When National Rifle Association (NRA) President Charlton Heston hoisted a rifle above his head at the organization’s 2000 convention and shouted the words “from my cold dead hands,” there was no joke about it. He was conveying a serious threat by expressing the organization’s belief that the Second Amendment provides individuals with theright to take violent action against our government—“one bullet at a time”—when they deem it has become “tyrannical.” Since the conservative wing of the Supreme Court gave legal backing to this dangerous “Insurrectionist Idea” in 2008, there have been a significant number of violent acts by those who fear and hate our government.
The NRA, however, now appears to find its advocacy for insurrectionism humorous. In a bizarre new video released in late August as part of its “Trigger the Vote” campaign, a group meeting is being held to discuss what should be done about the government coming to take away people’s guns. An old woman in the group, in an expletive-filled tirade reminiscent of Heston, states that if the government wants her gun, “they’ll have to pry it from my cold dead hands.” Martial arts expert/celebrity Chuck Norris then busts into the room and tells the participants that “there’s only one way to protect our rights,” by registering to vote.
The use of Chuck Norris as a voice of reason is curious, to put it mildly. Just last year, Norris told conservative radio/TV host Glenn Beck, “I don't use [guns] for hunting. I'm not a hunter. But the thing is, it's for protection ... If the government decides to become a tyrannical government, our guns are to protect us against that. And that's really what the Second Amendment is all about.” Norris even warned in March 2009 that a “second American Revolution” will happen “if the state of the union continues to turn into the enemy of the state.” Norris clearly buys into the insurrectionist ideology his new ad so casually dismisses.
The “Trigger the Vote” campaign is a sharp departure from previous NRA rhetoric, and raises questions about the organization’s motives. The NRA’s embrace of insurrectionism—formalized through its amicus brief in the 2008 D.C. v. Heller case referenced above—has received significant press attention as of late, particularly after armed Americans began to appear at town hall meetings, presidential speeches, and other political events. The NRA might be trying to distance itself from this type of behavior with the “Trigger the Vote” campaign. It is also undoubtedly attempting to reach out to more moderate swing voters before a critical mid-term election.
Even long-time NRA supporters, however, are beginning to question its wisdom on the subject of guns, democracy and freedom. Democratic Senate Majority Leader Harry Reid, who has done much to advance the gun lobby’s agenda, recently ran ads against Republican Senate candidate and Tea Partier Sharron Angle that strike directly at the Insurrectionist Idea. In one ad, the president of the Peace Officers Research Association of Nevada states that Angle’s “Second Amendment remedies” are a clear call for “armed resistance” and denounces them as “crazy” and “way over the line.”

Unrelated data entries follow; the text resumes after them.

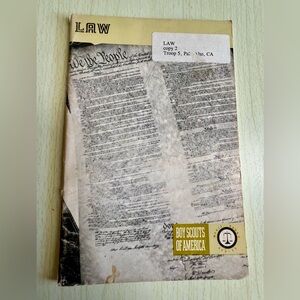 1975 Boy Scouts of America LAW Merit Badge Book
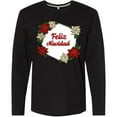thumbnail image 3 of Inktastic Feliz Navidad Poinsettia Long Sleeve T-Shirt, 3 of 5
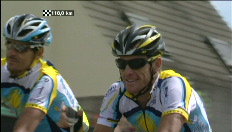 Lance Armstrong bekroont comeback met podium in Tour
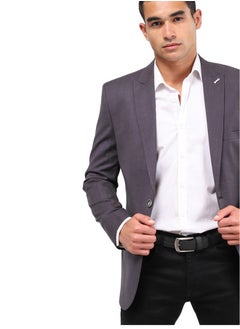 Buy Slub Pattern Regular Fit Blazer in Egypt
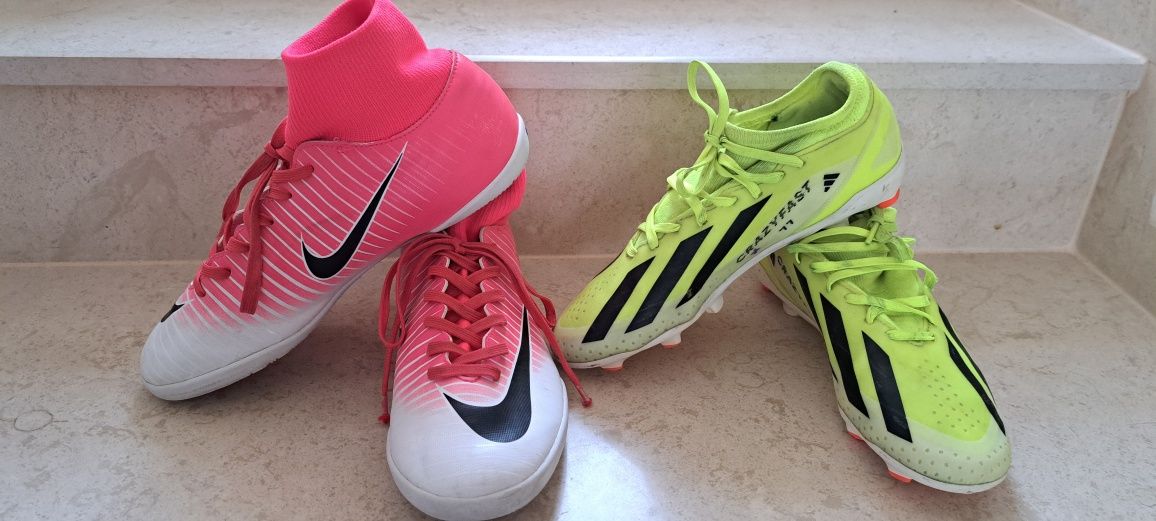 Футболни обувки nike, adidas
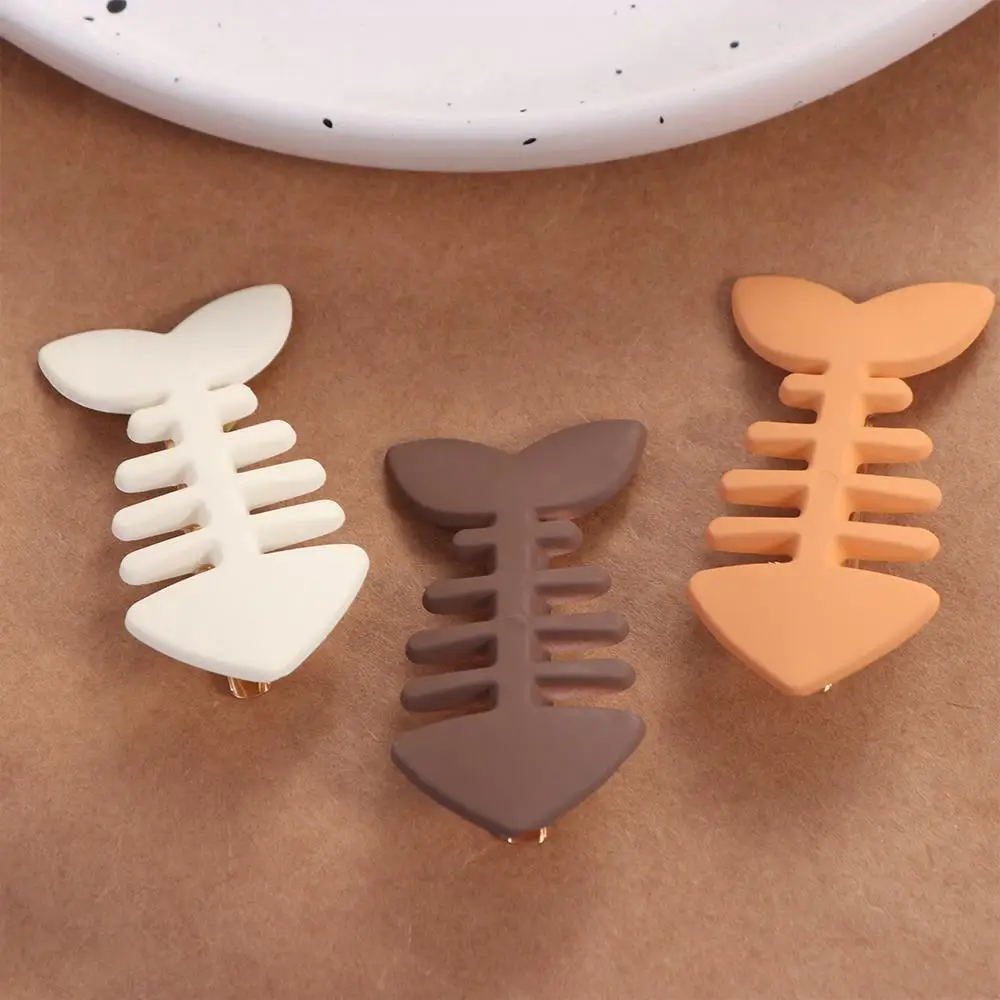 Cute Fish Bone Shape Sweet Hairpin Headwear Women Ornament Hair Clip Fashion Hair Accessories Simple Lovely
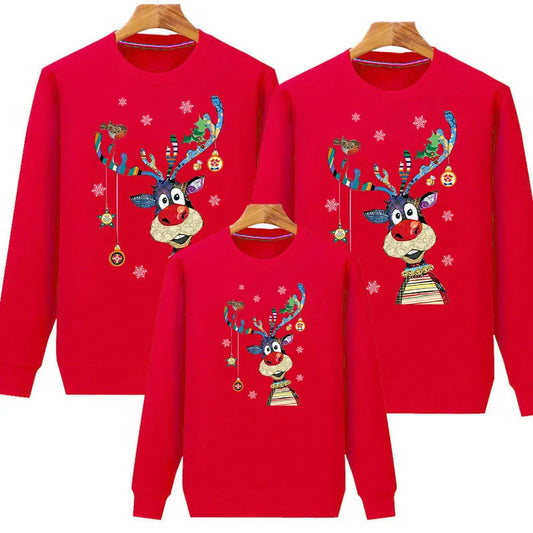 Mom Daughter Dad Son Family Look Sweater Set Matching Family Outfits Christmas Sweatshirt Xmas Jersey Kids Baby New Year Jumper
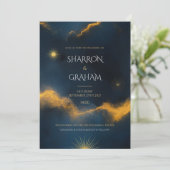 シナ結婚ルの夜 – Midnight Blue Starry 招待状 (スタンド正面)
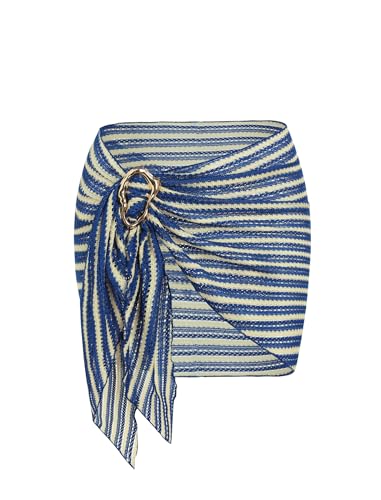 Image of ZAFUL Boho Beach Cover Ups for Women Sarong Coverups Sheer Bikini Chiffon Wraps Skirts for Swimwear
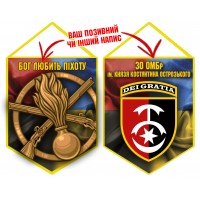 Вимпел 30 ОМБр і знак Піхоти Combo
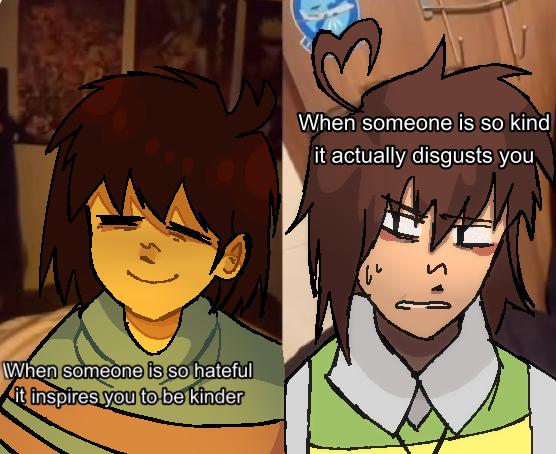 Frisk and Chara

Two weeks after Reid’s “Over the Line” ad ran, the NRA chose not to endorse him in the upcoming election. This prompted some to speculate that the NRA was punishing him for rejecting their extreme ideology. The NRA denied this, however, claiming that its decision had to do with Reid’s support of Supreme Court nominees Sonia Sotomayor and Elena Kagan.
The bottom line, however, is that no matter how hard you try to mask insurrectionist ideology with a public relations campaign, if you put lipstick on a pig, it’s still a pig. If the NRA is sincere in its desire to condemn insurrectionism, it should have its legal counsel issue a statement making it clear that the Second Amendment does not provide individuals with the right to shoot government officials when they feel “oppressed” or sense “tyranny.”
Until then, when the NRA chooses to joke about this topic, all Americans should ask: What’s so funny?